Depois de confrontos ao longo da avenida de entrada da USP, manifestantes feridos foram levados ao HU, porém a massa foi acuada no prédio da Hist/Geo da FFLCH. Com a PM toda em volta, ninguém podia entrar, ninguém podia sair…
Algumas bombas de gás foram atiradas DENTRO DO PRÉDIO!! Num vão amplo porém fechado, onde estávamos todos…
Durante muito tempo, fiquei com a máquina do Centro Acadêmico, filmando muuuita coisa. Durante boa parte, infelizmente, fiquei sozinho… passei muito mal, quase vomitei… E chorei, chorei, chorei muito em ver a história da humanidade retratada em alguns instantes, resumida ali ao vivo… A única coisa que me dava força para engolir o choro era saber que aquilo não era nada, absolutamente nada perto do que muitos já passaram. Não quero com isso diminuir a importância e o absurdo do evento, uma vez que todo o caos, sofrimento e humilhação não deixarão de existir – primeiro nos maiores conflitos, depois nos menores… Será gradativamente sim, mas enquanto princípio, somente quando o homem for capaz de sentir paz no coração, todo e qualquer conflito cessará… das guerras entre nações aos conflitos domésticos…

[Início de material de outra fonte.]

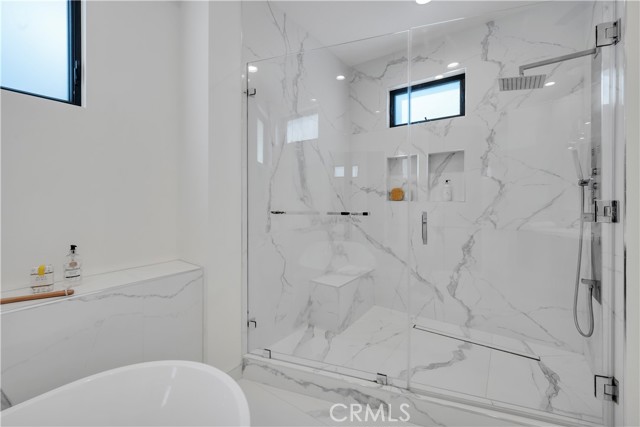 332 Avenue E, Redondo Beach, California 90277, 5 Bedrooms Bedrooms, ,6 BathroomsBathrooms,Residential,For Sale,Avenue E,SB26070979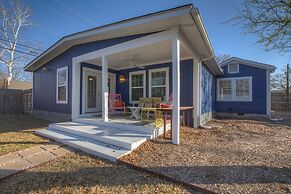 Hackberry Retreat - Hot Tub - Near Main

Assim, por princípio, quero dizer que o absurdo da ação do governo, a truculência e a repressão têm o mesmo valor que a guerra do Iraque, assim como têm o mesmo valor que a silenciosa violência doméstica cotidiana contra mulheres.”
Outra coisa muito importante que me aconteceu naquele dia foi avistar o professor Marcos Ferreira, da FEUSP, e sua esposa Solange, de mãos dadas, caminhando, se assim posso dizer. Segue o que escrevi ao professore no dia seguinte:
‘Subiram o gramado entre a Reitoria e a FFLCH, cruzaram a avenida conhecida como rua dos bancos, e dobraram à esquerda, permanecendo entre as árvores, no meio da avenida. E assim seguiram, ainda de mãos dadas, em meio à fumaça daquela tarde que alguns já chamaram de dia D da USP… Agradeço ao que, mesmo sem saber-me ali, me ensinou. Enquanto alguns corriam atordoados e, revoltosos, provavelmente pensavam em como revidar ou no que fariam se tivessem condições físicas de revidar, o sr. e sua esposa mantiveram-se serenos, ainda que tão atordoados quanto qualquer outro agredido pelo gás. Foi nessa imagem, ironicamente bela, e de profunda poesia, que num fim de tarde esfumaçado e à meia-luz pus-me a chorar… Ainda não consegui assistir ao vídeo da câmera, não sei se consegui captar essa imagem. Com certeza não captei – até porque em princípio seria impossível – o calor que senti em minh’alma, distinto de todo o calor que senti durante toda a tarde de ontem. Talvez, se eu fosse poeta, saberia retratar o que senti. Tentarei, neste e-mail, em outros, em música, pensamento, e qualquer outro espaço que me for concedido, declarar o que senti… Não posso retribuir-lhe à altura o que me proporcionou, mas agradeço da forma mais singela. Desde o fim do primeiro semestre de 2008, quando encerramos a disciplina Cultura e Imaginário 2, ansiei pelo momento em que poderia novamente desfrutar de teus ensinamentos. Sei que pode parecer sádico, mas agradeço muito por ter podido ontem retomar suas aulas. Sua serenidade inabalável é digna de muita reflexão de todos; ainda não digeri bem o que passou, mas espelho-me em sua postura para continuar caminhando nessa árdua vida de lutas, lutas serenas, lutas sinceras, do espírito emancipado ou a fim de emancipar-se. Grato, grato, eternamente grato, a ti e à tua esposa.’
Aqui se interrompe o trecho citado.